1909 - Art School


Designed by Charles Rennie Mackintosh and built in two stages between 1897-9 and 1907-9, Glasgow School of Art has a wealth of subtly worked detail, both inside and out, emphasising rather than concealing its structural and functional elements. Mackintosh created a building that was both dour and free-flowing at the same time - compare the industrial plainness of the windows with the elegant curves of walls and arches, the railings like delicate pencil-strokes. Throughout its corridors and rooms one sees exquisite touches - door handles, glass panels, tiles, furniture, decorative ironwork - that further enhance the feeling that this is a building designed to inspire. This, at the time, was an entirely new attitude to the architecture of education. Glasgow School of Art has been much praised but its greatest triumph is that, without major modification, it still performs the functions it was originally designed for. Does this building look its age?

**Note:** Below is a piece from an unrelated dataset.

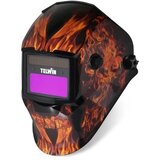 Telwin zaš.maska automatska STREAM FLAME 804235 tp24 | shoptok.hr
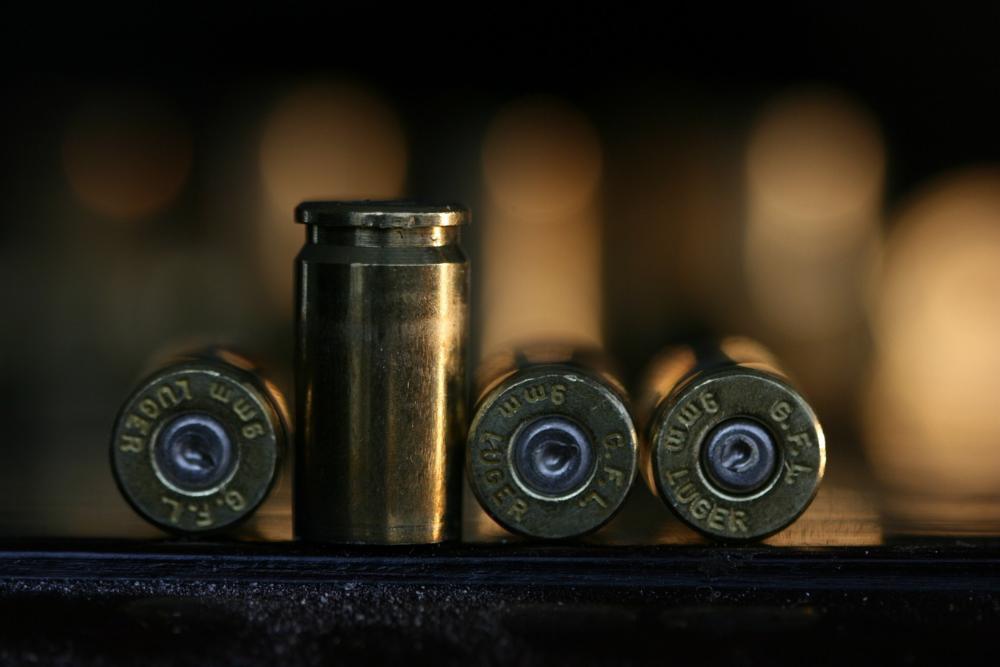 Reportan balaceras y bloqueos en diversos puntos de Matamoros, Tamaulipas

New technology was everywhere in workaday Glasgow's shipyards and engineering workshops and the design of its School of Art, devoid of overt reference to traditional architectural values, reflects the progressive attitudes of the turn-of-the-century city. Here, it seemed to be saying, was the place where the designers, architects and artists for the industrial world of the future would be trained. From its rooms could be heard 'sirens and steam-whistles on foggy days, and the clangour of the shipyards'. Glasgow School of Art is one of the earliest examples of the 'modern style' of architecture in Europe and it stood, and stands still, in marked contrast to the solid Victorian Gothic of this most architecturally fascinating of cities. Mackintosh was only 29 when the firm of which he was a junior partner was awarded the commission, but he triumphantly overcame the obstacle of a narrow, steeply sloping site to create a distinctively asymmetrical fagade behind which are rooms and spaces beautifully tailored to particular purposes. The governors had especially asked for a plain building, though whether this was from modesty or a desire to make the School stand out from its elaborate surroundings is unclear. A building of this size can look intimidating but the Art Nouveau entrance seems domestic in scale - Mackintosh designed many notable private houses - and the flight of steps, funnelling the visitor towards the door, increases the sense of anticipation. On entering the building, one is faced with a spectacular staircase - here, it is plain, is an environment where imagination and a sense of daring are highly valued. This leads to a tall, vaulted space used for exhibitions; to either side are the studios with their giant windows. This is very much one man's work and it is a tribute to Mackintosh's thoroughness that, with only comparatively slight modifications, the School of Art continues to be used by new generations of students, rather than being cordoned off and admired from a safe distance.